▸ **PROBLEM TO WORK ON**: Reproduce the listing in its entirety. Do not reproduce the pictures.
┌─ DATASET CONTENT
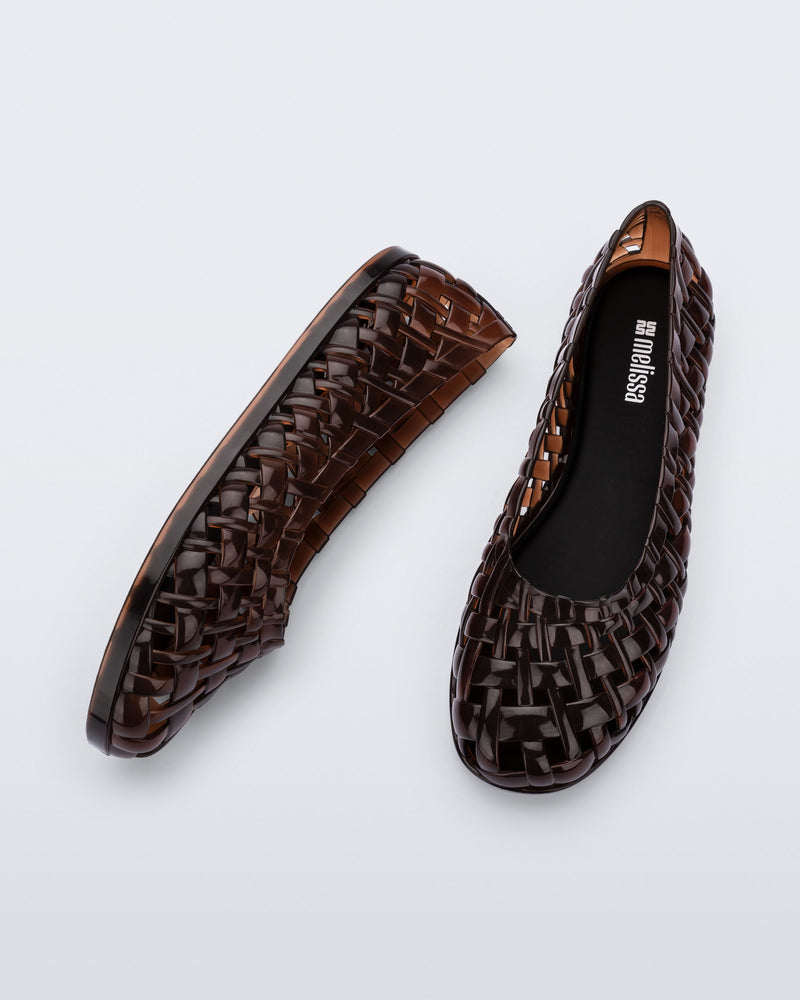 Side and top view of a pair of brown Possession Ballerina flats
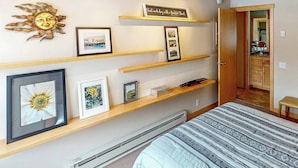 A bedroom with a bed, a wall-mounted shelf with framed pictures, a sun decoration, and a door leading to a bathroom. - Cozy ski condo with patio, fireplace, WiFi, shared pool & hot tub, walk to lifts (Sun Valley)
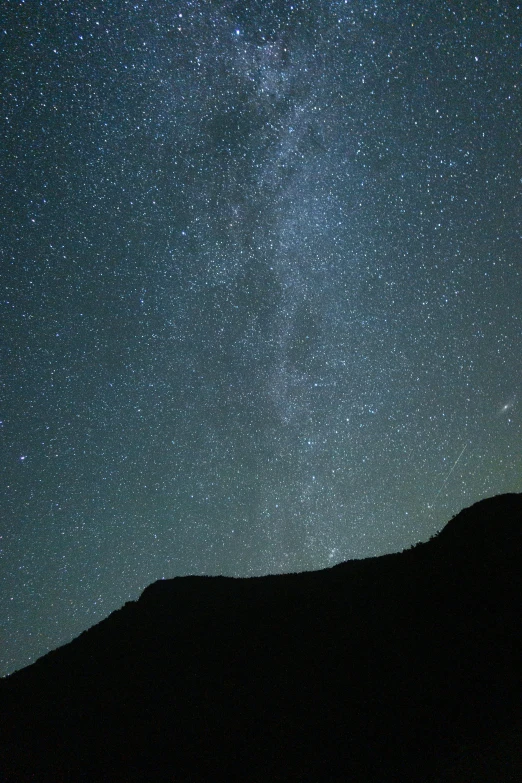 the stars above a mountain in the night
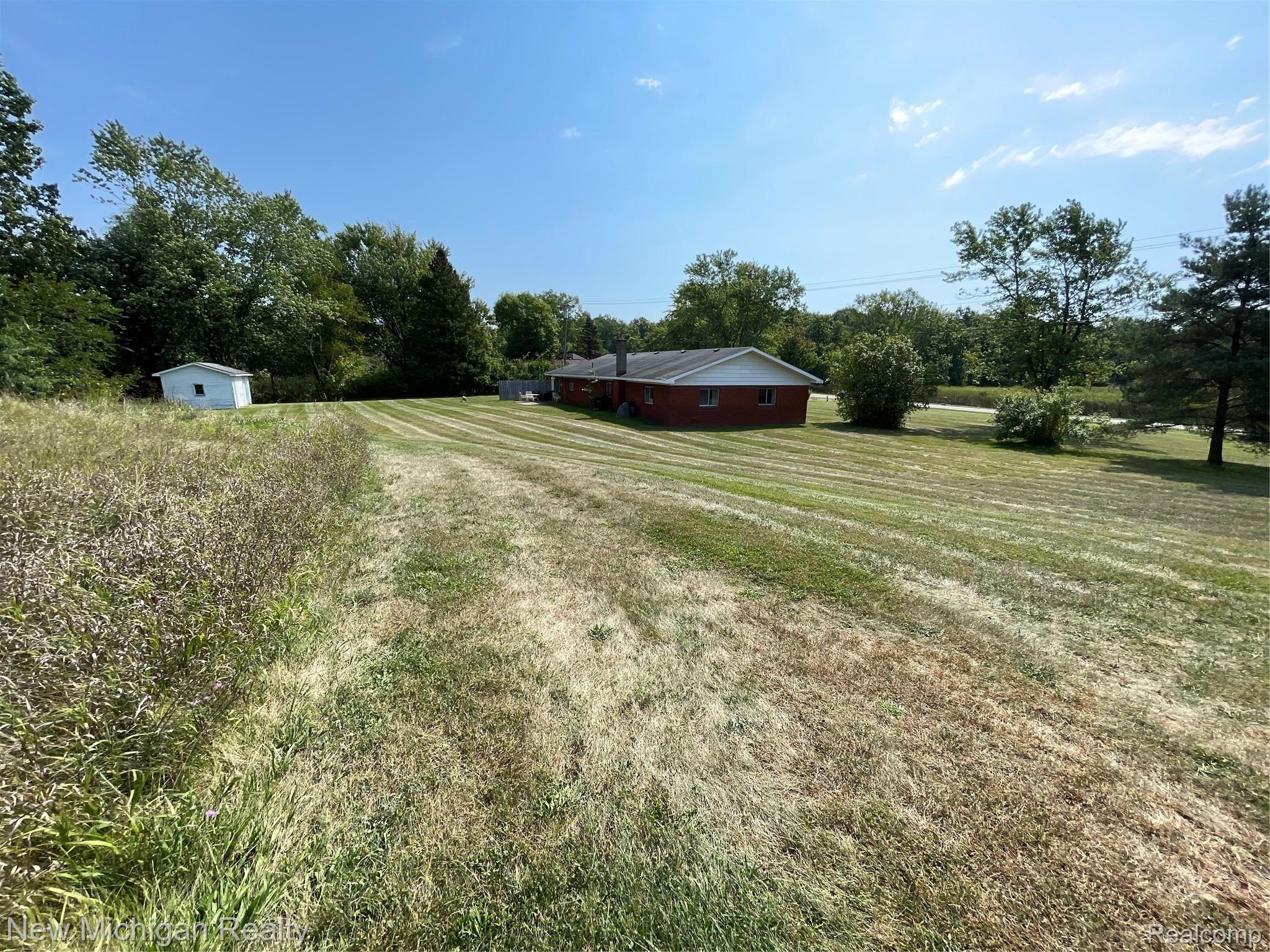 11065 Hyne Road Brighton, MI 48114 - Photo 2 of 16 02 Back Exterior.jpeg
└─
▸ **RESULT**:
 Side and top view of a pair of brown Possession Ballerina flats
 A bedroom with a bed, a wall-mounted shelf with framed pictures, a sun decoration, and a door leading to a bathroom. - Cozy ski condo with patio, fireplace, WiFi, shared pool & hot tub, walk to lifts (Sun Valley)
 the stars above a mountain in the night
 11065 Hyne Road Brighton, MI 48114 - Photo 2 of 16 02 Back Exterior.jpeg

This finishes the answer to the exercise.